- Problem details
Write out, word for word, each line from the start of the entries through the one holding "[IMMIGRATION] -- [NEW"; omit the pictures.
#### Available data ####
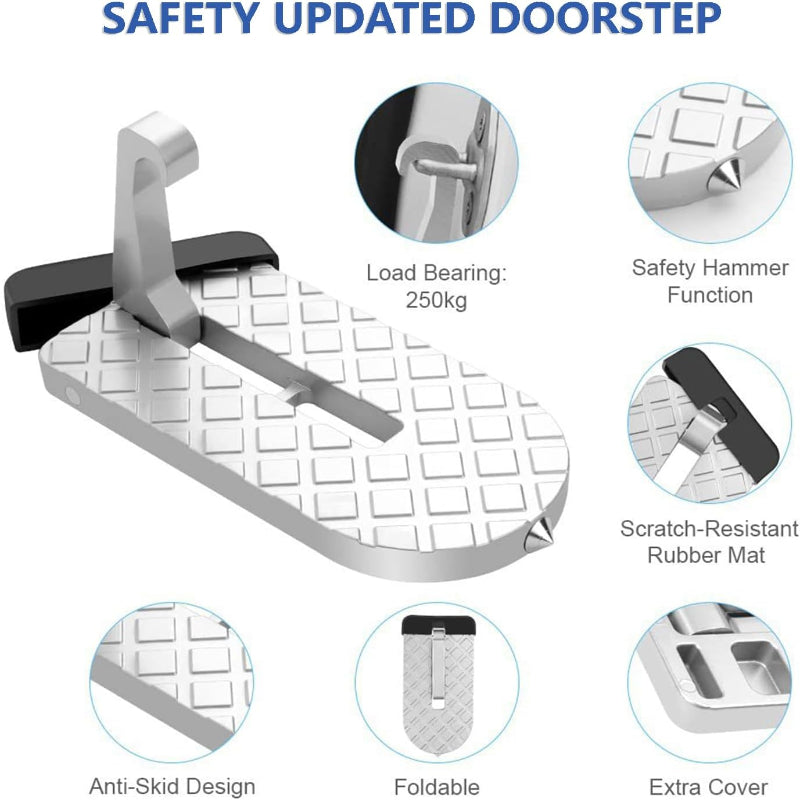 Car Door Step,Folding Aluminum Alloy Step,Universal Fit Roof Access,Fits All SUV/Truck/Car Door Latches(Silver-2PCS)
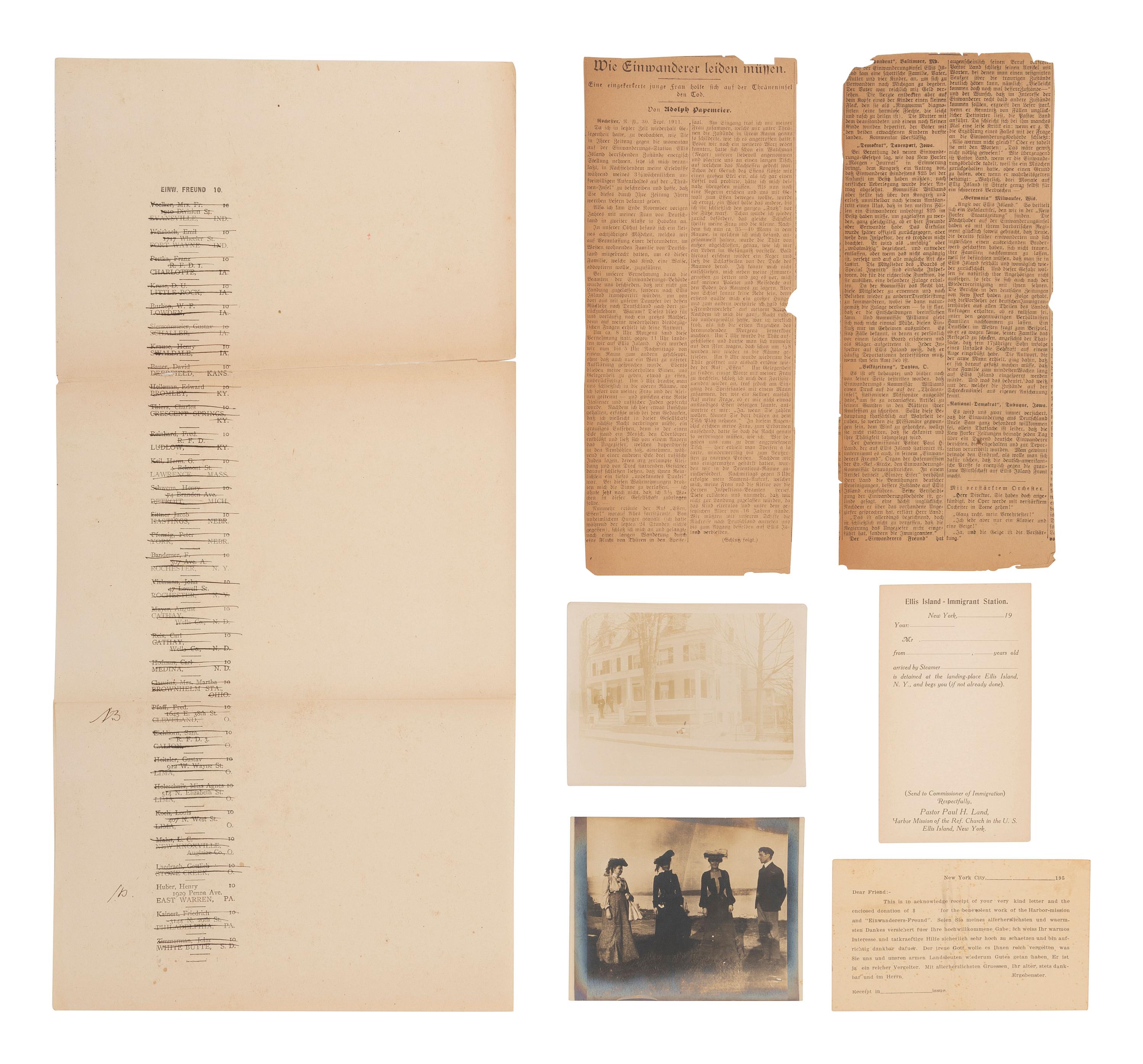 [IMMIGRATION] -- [NEW YORK]. Einwanderers Freund, a register associated with the "Harbor Mission" of the Reformed Church in the United States and its outreach to German immigrants at Ellis Island, ca 1905-1912.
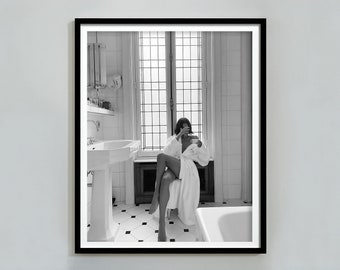 Woman Drinking Coffee Poster, Feminist Poster, Black and White, Bathtub Print, Digital Download, Bathroom Decor, Chic Wall Art, Printable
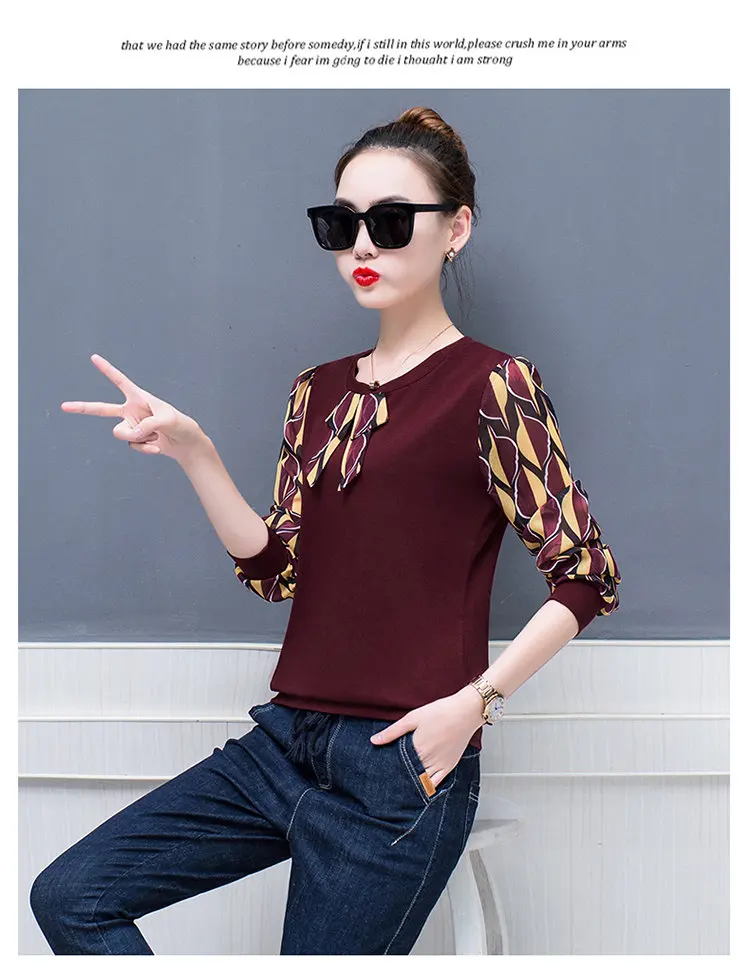 2019 Fall Patchwork Blouse Women Tops Plus Size Print Shirts Femme Tops Casual Ladies Shirts Bow Long Sleeve Blusas Mujer (5)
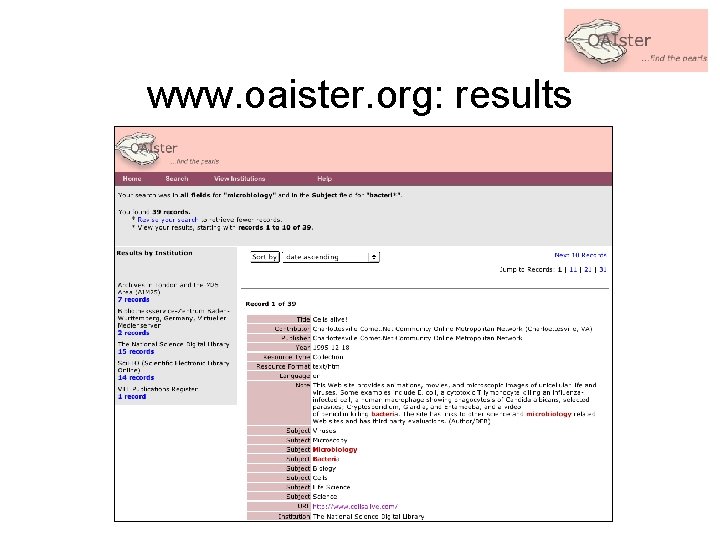 www. oaister. org: results 
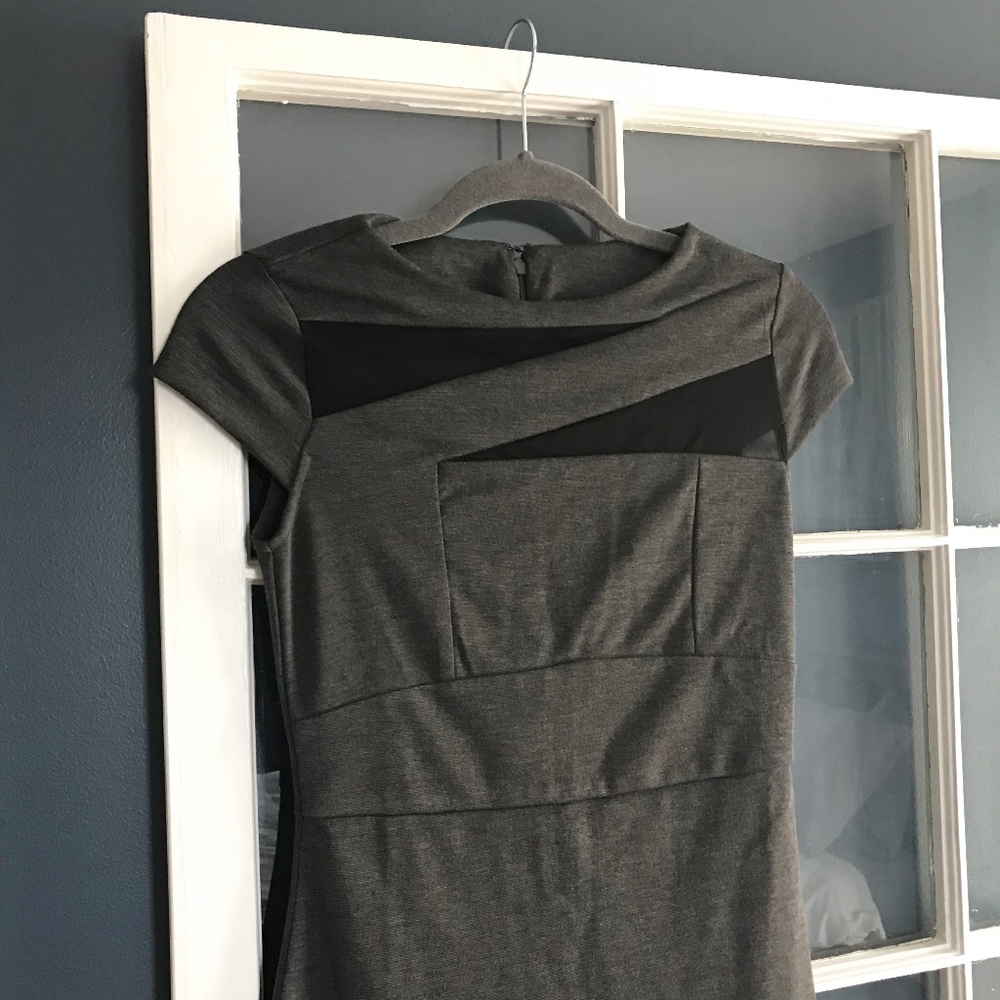Grey Midi Dress with Black Mesh Detailing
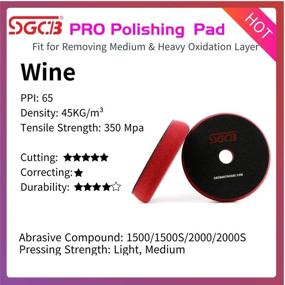 img 2 attached to 🍷 SGCB Pro 3" RO DA Foam Compounding Pad: Ultimate Heavy Cutting Car Buffing Pad for Deep Scratch, Defect, and Oxidation Removal - 1-Wine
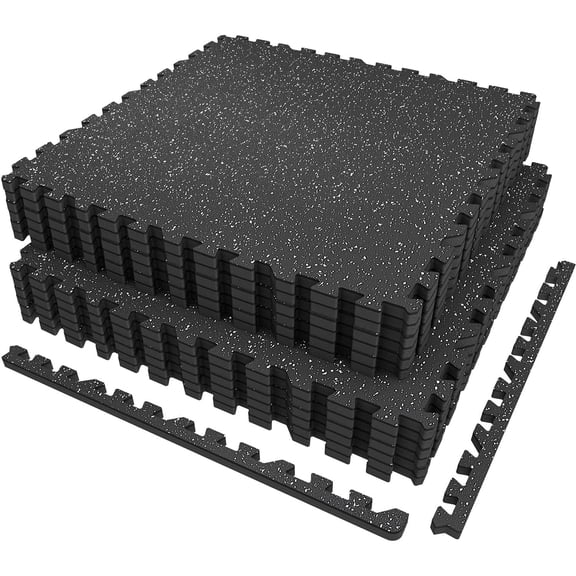 AIRHOP 0.56in Thick 48 Sq Ft Exercise Equipment Mats, 12 Tiles Upgraded Rubber Top with High Density EVA Foam, Large Interlocking Puzzle Gym Flooring for Home Gym, Heavy Weight Workout, 24 x 24in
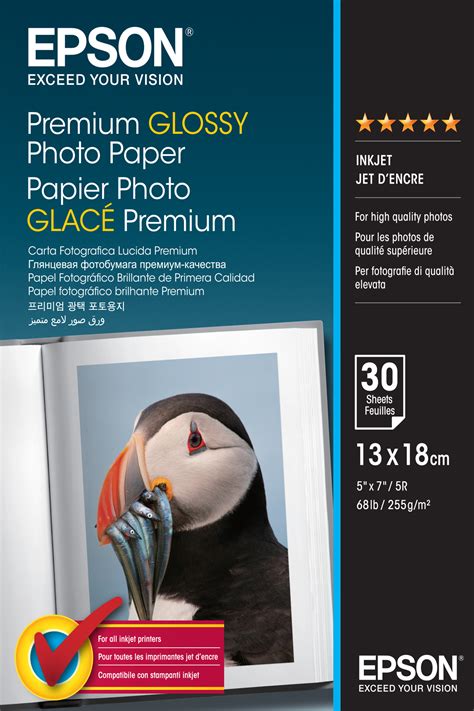 Epson Premium 5x7 Glossy Photo Paper 30 Sheets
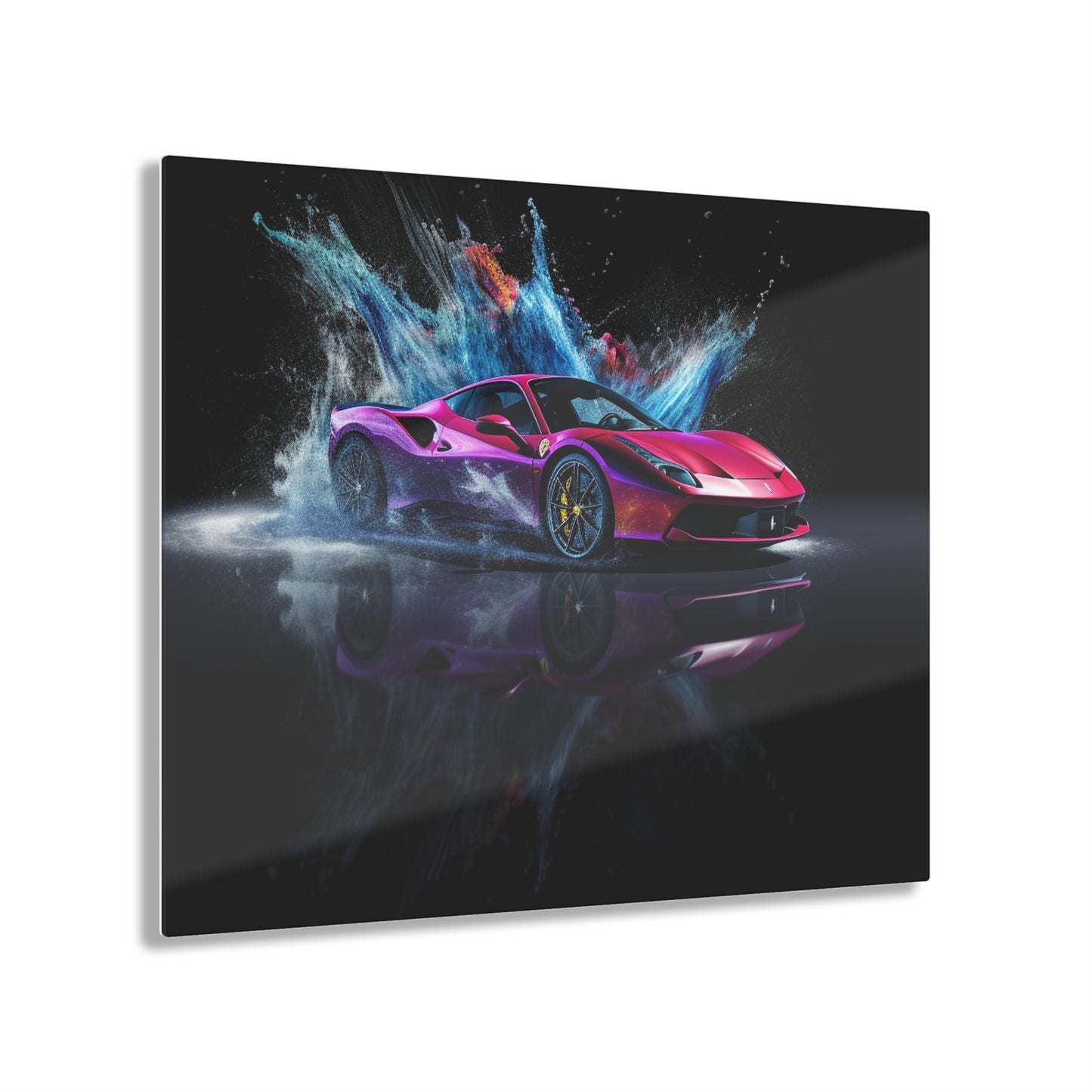 Acrylic Prints Ferrari Water Splash 4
####
- Answer space
 Car Door Step,Folding Aluminum Alloy Step,Universal Fit Roof Access,Fits All SUV/Truck/Car Door Latches(Silver-2PCS)
 [IMMIGRATION] -- [NEW YORK]. Einwanderers Freund, a register associated with the "Harbor Mission" of the Reformed Church in the United States and its outreach to German immigrants at Ellis Island, ca 1905-1912.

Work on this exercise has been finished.